The DWP update in August showed that 63,000 families have been affected by the benefit cap so far, of which nearly a quarter have since started a working tax credit claim, indicating they have moved into work. Further research by the Institute of Fiscal Services estimates that half of all households subject to the cap are worse off by at least £46 a week. As many in the sector will acknowledge any reduction in income for those claiming benefits escalates the risk of the ability to pay rent in full and on time. Whereas with Universal Credit there is not a lowering in benefit payments just an amalgamation, what’s more many social landlords have had time to test and bed in processes that help manage and mitigate universal credit, due to its ongoing implementation. There is also a North South divide with the benefit cap too, with a lot more people affected by it in the South because of higher rent levels than in the North.
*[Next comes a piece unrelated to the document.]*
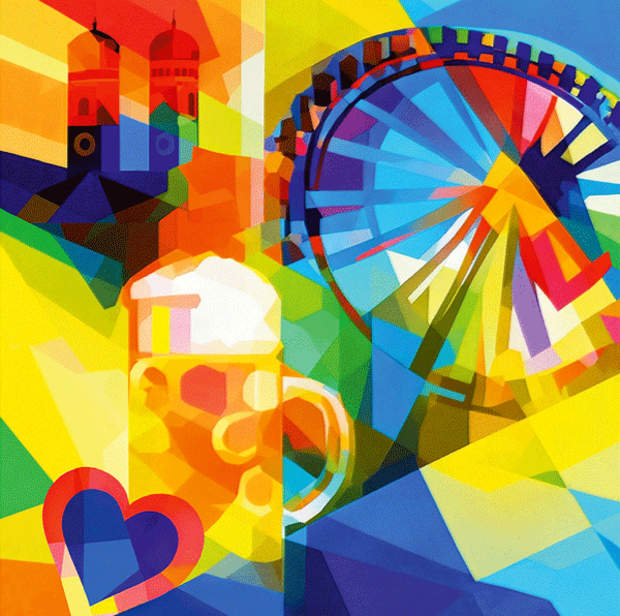 Grafische Darstellung zum Oktoberfest mit Riesenrad, Bierkrug und stilisierter Münchner Stadtkulisse in buntem Farbdesign.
In Wolverhampton Universal Credit will come on stream in February 2016. Anne Herrmann, Project Manager for Welfare at Wolverhampton Homes explains their concerns: “We know that it (Universal Credit) will be slow to start with, and we are preparing our tenants and ourselves for the impact, we believe some people will face challenges in adapting to this new benefit, others will need a bit of help and yet others will sail through.”
Sarah Aldred, Income Manager at First Choice Homes Oldham (FCHO) believes the number of people that will be on Universal Credit will ‘far outweigh’ those on the benefit cap. “Universal Credit (UC) for me is the biggest challenge,” explains Sarah. “Currently we have around 360 cases (of UC), but it has been as high as 550.”
However for Anne and Wolverhampton Homes they perceive the Benefit Cap to be the biggest challenge, with the announcements from the summer budget “proving to be a game changer,” according to Anne.
The impacts of the benefit cap, reducing from £26,000 per annum to £20,000 has wide reaching ramifications according to Wolverhampton Homes. “The number of families now needing to contribute to their rent is reckoned to increase tenfold,” according to Anne. “That coupled with the wider impacts of reductions in tax credits, mean that for some families and individuals, next year presents multiple impacts. From our experience with the bedroom tax, we know that these changes will reveal support needs, which further impact housing organisations resources. To do this effectively, we will need to manage our core functions, such as rent collection, more effectively than ever.”
The transient nature of Universal Credit is troubling many in the sector, and this is illustrated by Sarah Aldred’s experiences at FCHO. “Many going back into work (off UC) are straight onto zero hour contracts, so typically each week their income changes, which impacts any benefits they receive. In our experience it is when people switch regularly between UC and work that rent payments start to be missed. And when universal credit is fully implemented we expect to have around 4,500 claiming UC in Oldham, this will then have a significant impact on our operations and revenues. We have reviewed our processes and operations and will continue to do so to ensure our rent collection is optimised and as efficient as possible.”
There are of course always different opinions about which welfare reform act is the most divisive and of course different acts will impact different social landlords in varying ways. But what cannot be disputed is that the current welfare reform has changed the housing sector. The environment in which it operates has been transformed and it is imperative that HA’s, ALMOs and councils reform their operations to meet the challenges of ongoing welfare reforms that are impacting their revenue streams.